§ BRIEF: Below are the entries; give again exactly the lines from the one mentioning "Bacio Camel Boucle" through the one mentioning "Disposable Bagasse Containers", inclusive.

§ SUPPLIED MATERIAL:

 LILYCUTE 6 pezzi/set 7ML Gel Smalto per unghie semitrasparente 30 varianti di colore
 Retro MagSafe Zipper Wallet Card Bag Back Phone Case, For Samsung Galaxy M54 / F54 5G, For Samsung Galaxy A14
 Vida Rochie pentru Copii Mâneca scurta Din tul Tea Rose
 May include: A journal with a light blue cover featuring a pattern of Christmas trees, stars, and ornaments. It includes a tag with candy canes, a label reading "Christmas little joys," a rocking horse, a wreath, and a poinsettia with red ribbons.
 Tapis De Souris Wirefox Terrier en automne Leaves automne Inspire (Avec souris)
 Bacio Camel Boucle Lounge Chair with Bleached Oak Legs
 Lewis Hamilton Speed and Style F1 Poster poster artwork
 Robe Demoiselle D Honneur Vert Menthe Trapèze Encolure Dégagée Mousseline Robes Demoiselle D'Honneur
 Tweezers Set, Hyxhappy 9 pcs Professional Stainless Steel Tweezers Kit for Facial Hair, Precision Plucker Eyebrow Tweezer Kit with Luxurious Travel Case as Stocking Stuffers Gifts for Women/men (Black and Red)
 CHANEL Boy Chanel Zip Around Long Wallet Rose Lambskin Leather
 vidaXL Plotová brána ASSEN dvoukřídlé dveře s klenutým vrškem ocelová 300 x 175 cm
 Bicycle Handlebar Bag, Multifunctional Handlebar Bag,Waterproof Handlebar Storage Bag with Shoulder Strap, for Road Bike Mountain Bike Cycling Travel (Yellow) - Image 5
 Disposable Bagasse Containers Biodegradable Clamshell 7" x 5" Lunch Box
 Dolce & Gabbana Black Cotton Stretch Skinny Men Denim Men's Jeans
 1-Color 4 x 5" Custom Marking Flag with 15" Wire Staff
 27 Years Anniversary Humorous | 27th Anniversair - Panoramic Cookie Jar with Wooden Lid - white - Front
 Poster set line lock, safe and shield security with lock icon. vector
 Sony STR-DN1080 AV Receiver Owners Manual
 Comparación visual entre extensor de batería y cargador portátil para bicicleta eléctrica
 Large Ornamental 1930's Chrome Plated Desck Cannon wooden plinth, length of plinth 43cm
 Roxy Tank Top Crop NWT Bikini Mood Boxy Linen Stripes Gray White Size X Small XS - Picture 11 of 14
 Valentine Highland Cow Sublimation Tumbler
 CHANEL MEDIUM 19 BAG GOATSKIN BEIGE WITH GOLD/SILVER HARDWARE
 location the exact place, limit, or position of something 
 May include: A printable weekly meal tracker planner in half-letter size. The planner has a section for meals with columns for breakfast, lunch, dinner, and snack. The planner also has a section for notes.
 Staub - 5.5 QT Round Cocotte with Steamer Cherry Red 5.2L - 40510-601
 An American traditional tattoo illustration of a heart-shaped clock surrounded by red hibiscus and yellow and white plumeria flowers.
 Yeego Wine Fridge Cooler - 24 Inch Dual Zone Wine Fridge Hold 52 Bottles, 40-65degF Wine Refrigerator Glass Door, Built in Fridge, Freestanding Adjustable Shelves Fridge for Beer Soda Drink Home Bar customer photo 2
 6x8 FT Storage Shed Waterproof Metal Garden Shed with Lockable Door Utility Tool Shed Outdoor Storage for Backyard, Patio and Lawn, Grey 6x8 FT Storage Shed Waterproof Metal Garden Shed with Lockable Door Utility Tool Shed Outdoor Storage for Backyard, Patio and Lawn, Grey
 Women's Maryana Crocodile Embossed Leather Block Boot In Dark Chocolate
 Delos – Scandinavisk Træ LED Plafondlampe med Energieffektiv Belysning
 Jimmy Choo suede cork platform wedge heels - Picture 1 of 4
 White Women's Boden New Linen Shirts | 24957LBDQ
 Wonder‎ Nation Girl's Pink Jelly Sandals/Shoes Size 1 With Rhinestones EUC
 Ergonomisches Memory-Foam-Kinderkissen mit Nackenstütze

§ EXERCISE SOLUTION:
 Bacio Camel Boucle Lounge Chair with Bleached Oak Legs
 Lewis Hamilton Speed and Style F1 Poster poster artwork
 Robe Demoiselle D Honneur Vert Menthe Trapèze Encolure Dégagée Mousseline Robes Demoiselle D'Honneur
 Tweezers Set, Hyxhappy 9 pcs Professional Stainless Steel Tweezers Kit for Facial Hair, Precision Plucker Eyebrow Tweezer Kit with Luxurious Travel Case as Stocking Stuffers Gifts for Women/men (Black and Red)
 CHANEL Boy Chanel Zip Around Long Wallet Rose Lambskin Leather
 vidaXL Plotová brána ASSEN dvoukřídlé dveře s klenutým vrškem ocelová 300 x 175 cm
 Bicycle Handlebar Bag, Multifunctional Handlebar Bag,Waterproof Handlebar Storage Bag with Shoulder Strap, for Road Bike Mountain Bike Cycling Travel (Yellow) - Image 5
 Disposable Bagasse Containers Biodegradable Clamshell 7" x 5" Lunch Box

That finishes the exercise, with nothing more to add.